OCRmyPDF adds an OCR text layer to scanned PDF files, allowing them to be searched
Project description
OCRmyPDF
OCRmyPDF adds an OCR text layer to scanned PDF files, allowing them to be searched or copy-pasted.
ocrmypdf # it's a scriptable command line program
-l eng+fra # it supports multiple languages
--rotate-pages # it can fix pages that are misrotated
--deskew # it can deskew crooked PDFs!
--title "My PDF" # it can change output metadata
--jobs 4 # it uses multiple cores by default
--output-type pdfa # it produces PDF/A by default
input_scanned.pdf # takes PDF input (or images)

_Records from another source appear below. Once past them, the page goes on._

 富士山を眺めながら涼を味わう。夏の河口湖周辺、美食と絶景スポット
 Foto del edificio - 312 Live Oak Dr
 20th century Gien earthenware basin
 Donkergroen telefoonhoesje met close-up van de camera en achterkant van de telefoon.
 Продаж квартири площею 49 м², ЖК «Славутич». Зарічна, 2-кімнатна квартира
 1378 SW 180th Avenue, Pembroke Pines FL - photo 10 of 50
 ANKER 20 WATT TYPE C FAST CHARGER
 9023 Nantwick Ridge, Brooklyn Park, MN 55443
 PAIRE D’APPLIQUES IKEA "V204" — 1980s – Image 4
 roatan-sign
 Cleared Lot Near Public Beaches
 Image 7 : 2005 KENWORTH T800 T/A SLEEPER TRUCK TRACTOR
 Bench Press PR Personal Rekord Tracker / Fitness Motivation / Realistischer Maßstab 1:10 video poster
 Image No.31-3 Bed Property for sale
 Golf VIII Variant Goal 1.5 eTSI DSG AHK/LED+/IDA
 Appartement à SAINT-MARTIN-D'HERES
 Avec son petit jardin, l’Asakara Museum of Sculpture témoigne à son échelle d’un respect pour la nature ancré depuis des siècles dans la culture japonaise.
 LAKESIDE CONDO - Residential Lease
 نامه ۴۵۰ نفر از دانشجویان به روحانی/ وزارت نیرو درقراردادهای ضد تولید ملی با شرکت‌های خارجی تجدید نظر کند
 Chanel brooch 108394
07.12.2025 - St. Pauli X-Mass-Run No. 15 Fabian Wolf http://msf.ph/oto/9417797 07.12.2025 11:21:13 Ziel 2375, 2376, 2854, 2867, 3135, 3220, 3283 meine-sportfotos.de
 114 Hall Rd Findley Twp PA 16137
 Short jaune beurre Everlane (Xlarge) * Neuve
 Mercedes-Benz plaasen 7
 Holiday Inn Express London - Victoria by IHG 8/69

output_searchable.pdf # produces validated PDF output
Main features
- Generates a searchable PDF/A file from a regular PDF
- Places OCR text accurately below the image to ease copy / paste
- Keeps the exact resolution of the original embedded images
- When possible, inserts OCR information as a "lossless" operation without disrupting any other content
- Optimizes PDF images, often producing files smaller than the input file
- If requested deskews and/or cleans the image before performing OCR
- Validates input and output files
- Distributes work across all available CPU cores
- Uses Tesseract OCR engine
- Supports more than 100 languages recognized by Tesseract
- Battle-tested on thousands of PDFs, a test suite and continuous integration
For details: please consult the documentation.
Motivation
I searched the web for a free command line tool to OCR PDF files on Linux/UNIX: I found many, but none of them were really satisfying.
- Either they produced PDF files with misplaced text under the image (making copy/paste impossible)
- Or they did not handle accents and multilingual characters
- Or they changed the resolution of the embedded images
- Or they generated ridiculously large PDF files
- Or they crashed when trying to OCR
- Or they did not produce valid PDF files
- On top of that none of them produced PDF/A files (format dedicated for long time storage)
...so I decided to develop my own tool.
Installation
Linux, UNIX, and macOS are supported. Windows is not directly supported but there is a Docker image available that runs on Windows.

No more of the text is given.